Students from Mrs. Willsey's 4th grade class gathered around stacks of steamed squash halves in the Berne Elementary School kitchen September 26, taking turns carefully scraping and plopping dollops of the warm orange pulp into serving trays.

 

"Yuuuummmm," one student hummed to herself as Food Service Manager Deb Rosko explained the students would add butter and brown sugar to the squash and serve it as part of school lunch on Monday, September 29.

 

Students in the district have been purchasing locally grown food on BKW lunch menus for a number of years. They just didn't know it - until now. The squash, grown locally at Schoharie Valley Farms, is one of the first examples of a district initiative to make students more aware of the health and environmental benefits associated with eating food grown by local farmers.

 

All this school year, fruits and vegetables grown on the local farms dotting the Helderberg Hill Town landscape will be available for school lunch thanks to the district's partnership with the Schoharie County Farm to School Project.

 

This project is in initiative that enables the district to make foods grown on local farms available to students through the school food service program. Rosko says locally grown foods will be on the lunch menu and clearly labeled in the lunch line at least once per week.

 

The Farm to School Project is facilitated by Regina Tillman, Nutrition Resource Educator of Cornell Cooperative Extension.
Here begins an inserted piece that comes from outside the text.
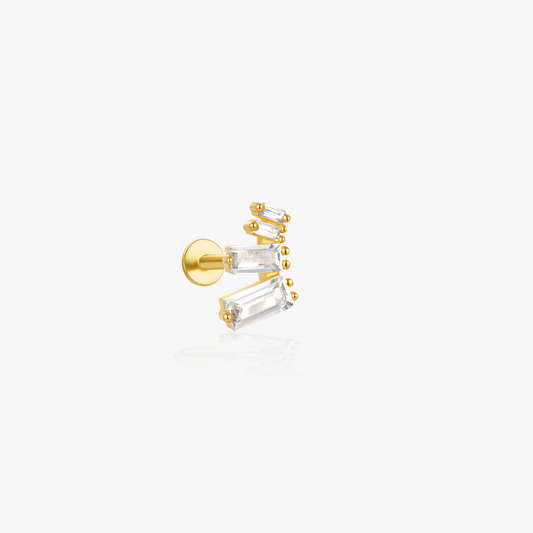 Gold geometric ear climber with baguette-cut stones for a modern and elegant look.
With her guidance, schools in the rural towns of Schoharie, Albany and Schenectady counties have formed a school food service sub-committee to plan projects that give students the choice of purchasing locally-grown food at lunch.

 

In addition to raising awareness about food sources in their own backyards, the Farm to School Project also strives to tell students the stories behind the fruits and  vegetables marked "locally grown" in the lunch line.

 

"Our goal is to educate students of the complete cycle of food in our lives, from the field to the table," Rosko says. "We also aim to give students a greater appreciation of the resources we have right in our own backyards - not only the land we live on, but the people who work the land to benefit us all."